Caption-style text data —
######

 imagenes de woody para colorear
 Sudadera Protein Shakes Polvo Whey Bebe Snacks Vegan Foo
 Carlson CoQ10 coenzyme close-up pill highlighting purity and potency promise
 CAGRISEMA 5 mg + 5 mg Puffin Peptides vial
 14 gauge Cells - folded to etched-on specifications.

######

What you are asked to do —
Having found the line with "Carlson CoQ10 coenzyme", transcribe it and each line after it to the end of the entries, with no other lines.

Task result —
 Carlson CoQ10 coenzyme close-up pill highlighting purity and potency promise
 CAGRISEMA 5 mg + 5 mg Puffin Peptides vial
 14 gauge Cells - folded to etched-on specifications.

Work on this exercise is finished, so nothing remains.